Calcit uses try / raise for exception-based error handling. Errors are string values (or tags) propagated up the call stack.

Quick Recipes

  • Catch Errors: try (risky-op) (fn (e) ...)
  • Throw String: raise |something-went-wrong
  • Throw Tag: raise :invalid-input
  • Match Error: if (= e :invalid-input) ...

Basic try / raise

try takes an expression body and a handler function. If the body raises an error, the handler receives the error message as a string:

let
    result $ try
        raise |something-went-wrong
      fn (e)
        str-spaced |caught: e
  println result
  ; => caught: something-went-wrong

Raising from a Function

let
    safe-div $ fn (a b)
      if (= b 0)
        raise |division-by-zero
        / a b
    result $ try
        safe-div 10 0
      fn (e)
        str-spaced |error: e
  println result
  ; => error: division-by-zero

Raising Tags as Error Codes

Tags are a clean way to represent error categories:

let
    validate-age $ fn (n)
      if (< n 0)
        raise :negative-age
        if (> n 150)
          raise :unrealistic-age
          n
    result $ try
        validate-age -5
      fn (e)
        str-spaced |validation-failed: e
  println result
  ; => validation-failed: :negative-age

Silent Success vs Error Paths

When an error is raised, execution jumps to the handler — intermediate values are not returned:

let
    might-fail $ fn (flag)
      if flag (raise |early-exit) 42
    a $ try (might-fail false) $ fn (e) -1
    b $ try (might-fail true) $ fn (e) -1
  println a
  ; => 42
  println b
  ; => -1

Nested try

Inner try handlers can re-raise or recover selectively:

try
    try
        risky-operation
      fn (e)
        if (= e :recoverable)
          default-value
          raise e
  fn (outer-e)
    log-error outer-e
    nil

Using Enums for Typed Results (Preferred Pattern)
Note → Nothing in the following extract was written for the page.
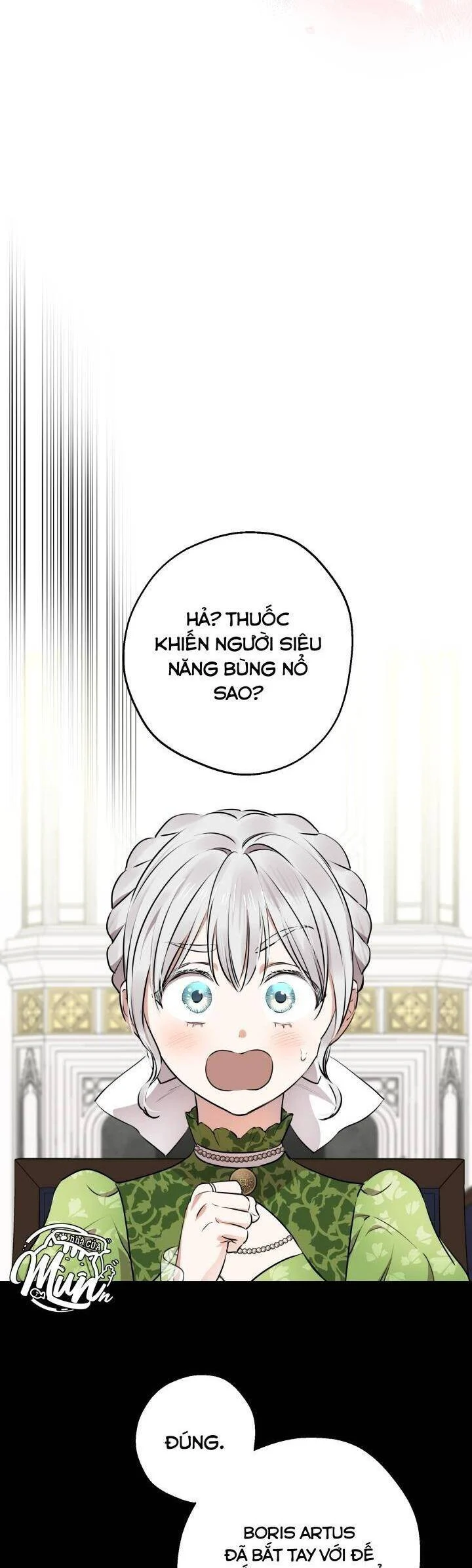 Những Kẻ Mạnh Nhất Thế Giới Đều Bám Lấy Tôi Chapter 121 - Trang 2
Instead of exceptions, idiom Calcit code often uses a Result enum to represent success/failure without throwing:

let
    AppResult $ defenum AppResult (:ok :number) (:err :string)
    safe-compute $ fn (x)
      if (> x 0)
        %:: AppResult :ok (* x 10)
        %:: AppResult :err |negative-input
    handle $ fn (r)
      tag-match r
        (:ok v)
          str-spaced |result: v
        (:err msg)
          str-spaced |failed: msg
  println $ handle (safe-compute 5)
  ; => result: 50
  println $ handle (safe-compute -1)
  ; => failed: negative-input

This pattern avoids exceptions entirely and keeps error handling explicit in the type system.

Assertions

assert and assert= raise errors during preprocessing/testing:

; assert a condition is true
assert (> x 0) |expected-positive

; assert two values are equal
assert= (+ 1 2) 3

assert-type checks type at preprocessing time:

; assert x is a number before using it
assert-type x :number

Notes

  • raise accepts any value that can be converted to a string. String literals and tags work best.
  • Raising maps or complex data structures may produce unexpected results — use the Result enum pattern for structured error data.
  • try always produces a value: either the result of the body, or the result of the handler.
  • assert / assert= are for development-time invariants. They generate warnings (not runtime errors) during static analysis.